> [TASK DESCRIPTION]:
What you return should be the line containing "MSC Cruises A" and each line after it to the end of the records, copied exactly.

Extracted data entries:
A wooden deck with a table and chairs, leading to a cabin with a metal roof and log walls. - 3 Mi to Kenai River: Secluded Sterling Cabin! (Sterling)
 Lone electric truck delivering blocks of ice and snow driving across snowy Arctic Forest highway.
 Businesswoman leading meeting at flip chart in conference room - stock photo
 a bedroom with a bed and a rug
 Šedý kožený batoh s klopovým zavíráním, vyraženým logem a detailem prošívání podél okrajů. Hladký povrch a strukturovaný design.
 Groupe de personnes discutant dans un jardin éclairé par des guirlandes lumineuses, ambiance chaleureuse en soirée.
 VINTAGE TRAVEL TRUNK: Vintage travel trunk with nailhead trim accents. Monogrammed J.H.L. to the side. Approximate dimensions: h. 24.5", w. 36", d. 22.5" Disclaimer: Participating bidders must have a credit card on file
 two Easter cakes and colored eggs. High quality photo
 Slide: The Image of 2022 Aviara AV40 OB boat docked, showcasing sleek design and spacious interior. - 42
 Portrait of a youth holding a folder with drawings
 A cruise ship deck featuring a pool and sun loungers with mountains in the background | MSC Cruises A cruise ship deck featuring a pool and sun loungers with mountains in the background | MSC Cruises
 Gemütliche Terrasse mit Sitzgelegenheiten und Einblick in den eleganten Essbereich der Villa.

> [ANSWER SPACE]:
 A cruise ship deck featuring a pool and sun loungers with mountains in the background | MSC Cruises A cruise ship deck featuring a pool and sun loungers with mountains in the background | MSC Cruises
 Gemütliche Terrasse mit Sitzgelegenheiten und Einblick in den eleganten Essbereich der Villa.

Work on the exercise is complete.